What is required:
Go to the line containing "Photo shared by" in the records below and print it and every following line exactly, on through the line containing "甲沟矫正器嵌甲贴片炎防脚指甲往肉里长专用工具隔离填充垫片神器", then stop.

Provided data:

__________________________________________________

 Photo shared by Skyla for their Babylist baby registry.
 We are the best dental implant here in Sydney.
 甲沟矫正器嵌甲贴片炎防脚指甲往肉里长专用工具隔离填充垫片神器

__________________________________________________

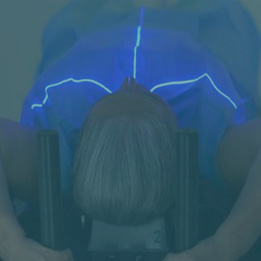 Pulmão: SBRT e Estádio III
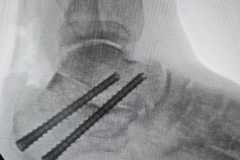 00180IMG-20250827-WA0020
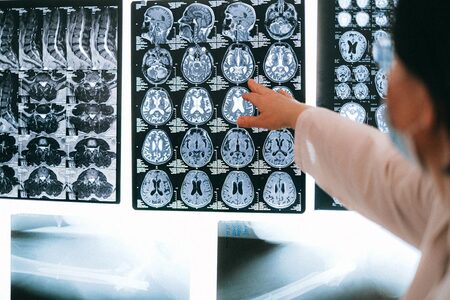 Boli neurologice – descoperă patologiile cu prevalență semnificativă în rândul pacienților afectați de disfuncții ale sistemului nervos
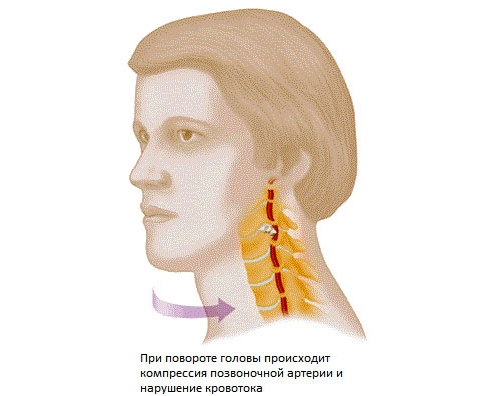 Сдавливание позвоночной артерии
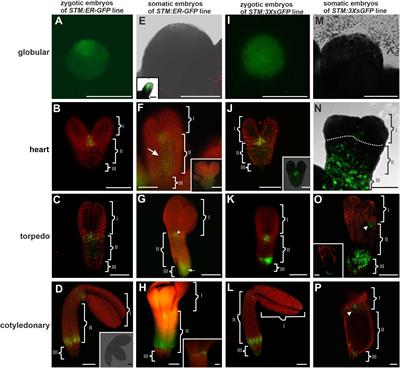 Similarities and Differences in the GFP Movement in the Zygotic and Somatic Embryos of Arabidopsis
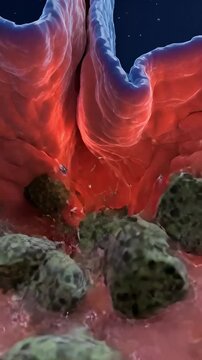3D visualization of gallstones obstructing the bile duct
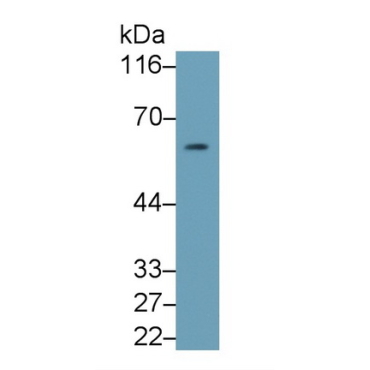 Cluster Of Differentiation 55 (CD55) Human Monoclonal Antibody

__________________________________________________

Result for this exercise:
 Photo shared by Skyla for their Babylist baby registry.
 We are the best dental implant here in Sydney.
 甲沟矫正器嵌甲贴片炎防脚指甲往肉里长专用工具隔离填充垫片神器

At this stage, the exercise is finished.